School of Computer Science and Technology, Xidian University, Xi'an, China.
Department of Computer Science, The University of British Columbia Okanagan, Kelowna, British Columbia, Canada.
PLoS Comput Biol. 2021 Aug 12;17(8):e1009224. doi: 10.1371/journal.pcbi.1009224. eCollection 2021 Aug.

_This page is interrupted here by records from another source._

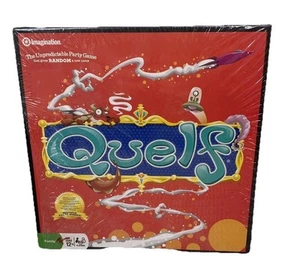 Quelf Party Game Random New Sealed Imagination multiple award winner - Picture 1 of 10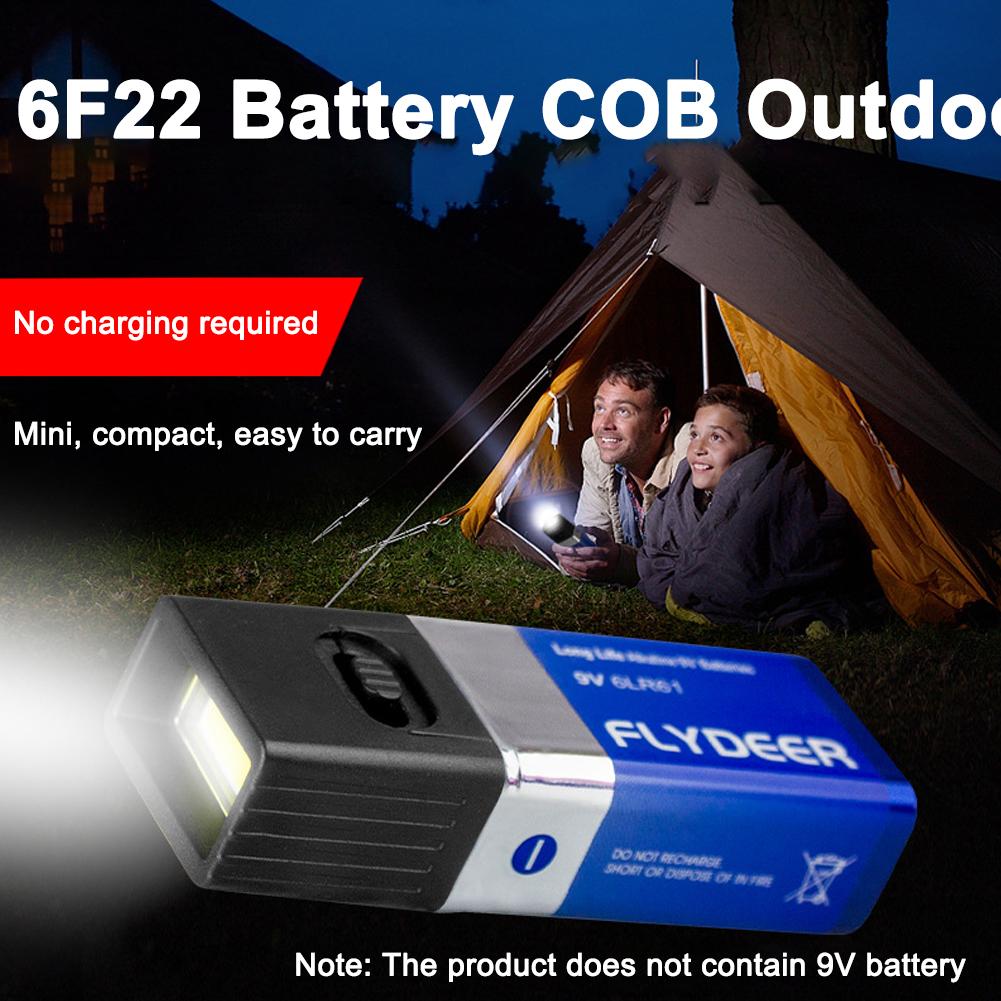 6F22 Battery Powered Mini Port - đánh giá và giá Outdoor Lighting Not Working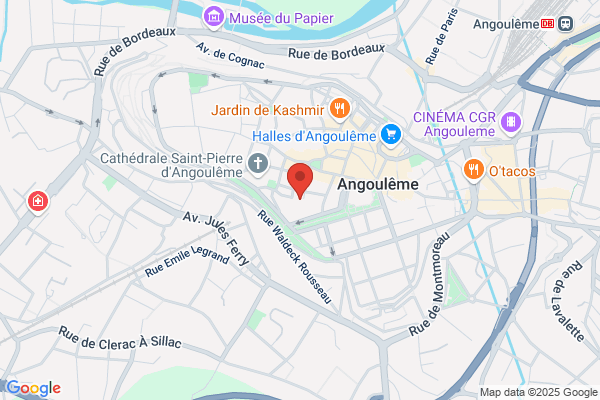Ecole Nationale De Musique De Danse Et D Expression sceniques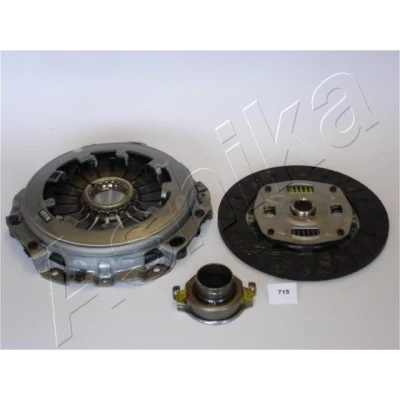 Imagem de ASHIKA 92 07 715 Kit de Embraiagem 225mm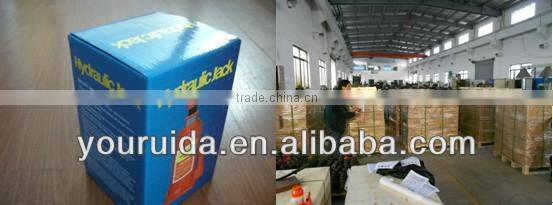 20t pneumatischer Stempelheber Hydraulikzylinder Pneumatic Hydraulic Bottle Jack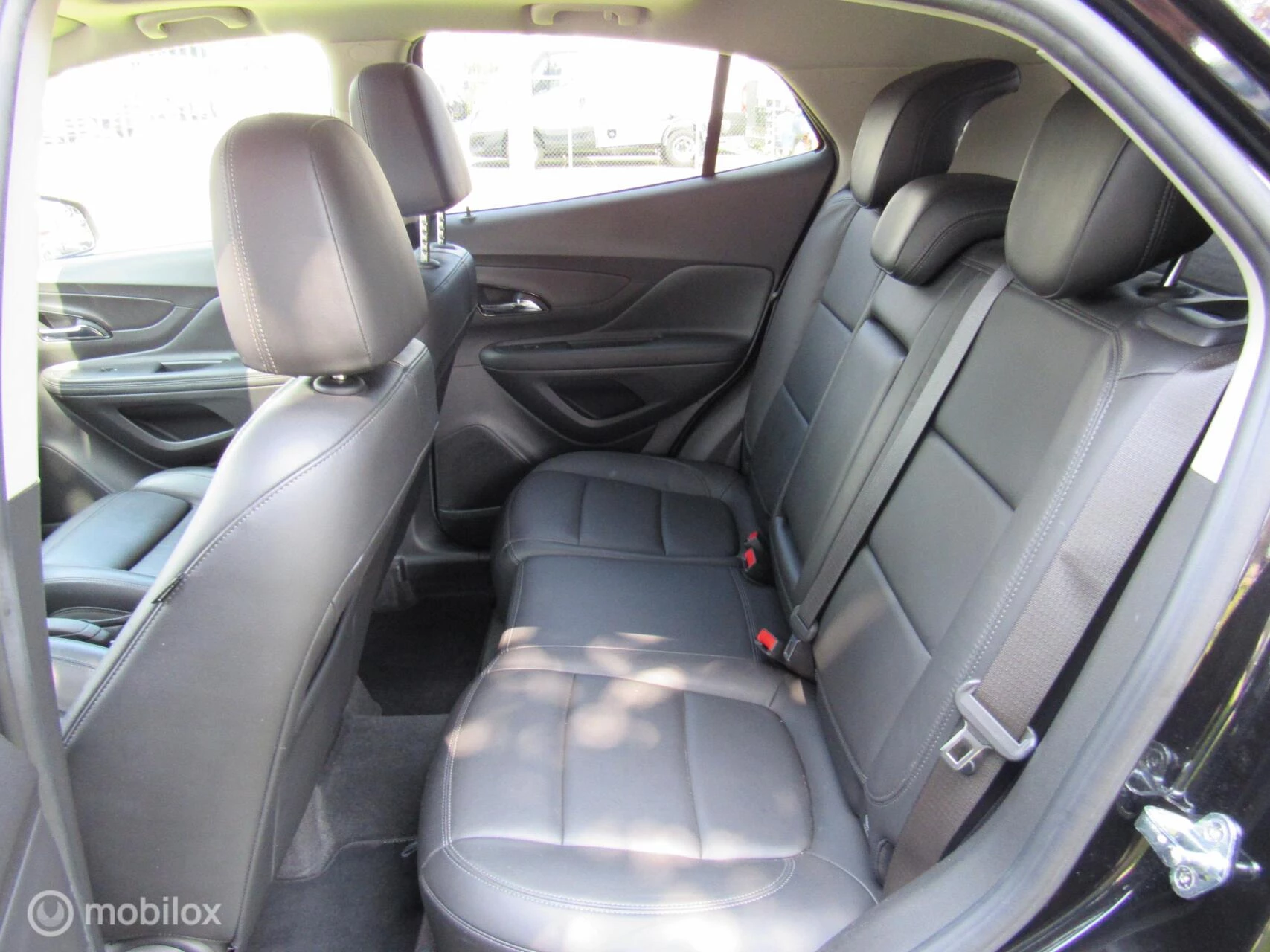 Hoofdafbeelding Opel Mokka X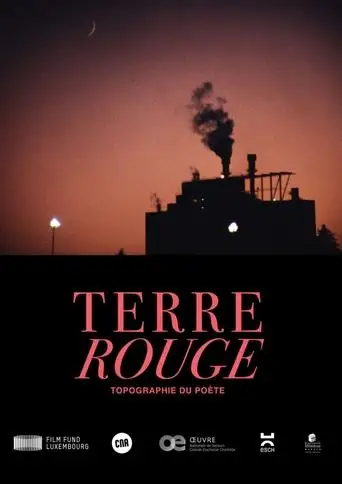 Terre Rouge - Topographie du poète (2025)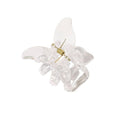 SOHO Naja Hair Claw – Transparent – Håraccessoarer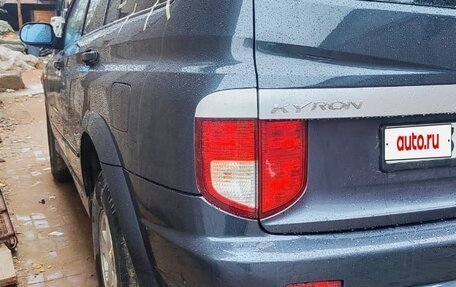 SsangYong Kyron I, 2008 год, 550 000 рублей, 4 фотография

Computational integrative analysis has become a significant approach in the data-driven exploration of biological problems. Many integration methods for cancer subtyping have been proposed, but evaluating these methods has become a complicated problem due to the lack of gold standards. Moreover, questions of practical importance remain to be addressed regarding the impact of selecting appropriate data types and combinations on the performance of integrative studies. Here, we constructed three classes of benchmarking datasets of nine cancers in TCGA by considering all the eleven combinations of four multi-omics data types. Using these datasets, we conducted a comprehensive evaluation of ten representative integration methods for cancer subtyping in terms of accuracy measured by combining both clustering accuracy and clinical significance, robustness, and computational efficiency. We subsequently investigated the influence of different omics data on cancer subtyping and the effectiveness of their combinations. Refuting the widely held intuition that incorporating more types of omics data always produces better results, our analyses showed that there are situations where integrating more omics data negatively impacts the performance of integration methods. Our analyses also suggested several effective combinations for most cancers under our studies, which may be of particular interest to researchers in omics data analysis.
计算综合分析已成为生物问题数据驱动探索的重要方法。已经提出了许多癌症亚型整合方法,但由于缺乏金标准,评估这些方法变得很复杂。此外,在选择合适的数据类型和组合对综合研究性能的影响方面,仍存在一些实际重要的问题需要解决。在这里,我们通过考虑四种多组学数据类型的所有 11 种组合,构建了 TCGA 中 9 种癌症的三类基准数据集。使用这些数据集,我们根据聚类准确性和临床意义、稳健性和计算效率的综合准确性,对 10 种代表性的癌症亚型综合方法进行了全面评估。随后,我们研究了不同的组学数据对癌症亚型的影响,以及它们的组合的有效性。我们的分析反驳了广泛持有的直觉,即纳入更多类型的组学数据总是会产生更好的结果,表明在某些情况下,整合更多的组学数据会对整合方法的性能产生负面影响。我们的分析还为我们研究中的大多数癌症提出了一些有效的组合,这可能对组学数据分析的研究人员特别感兴趣。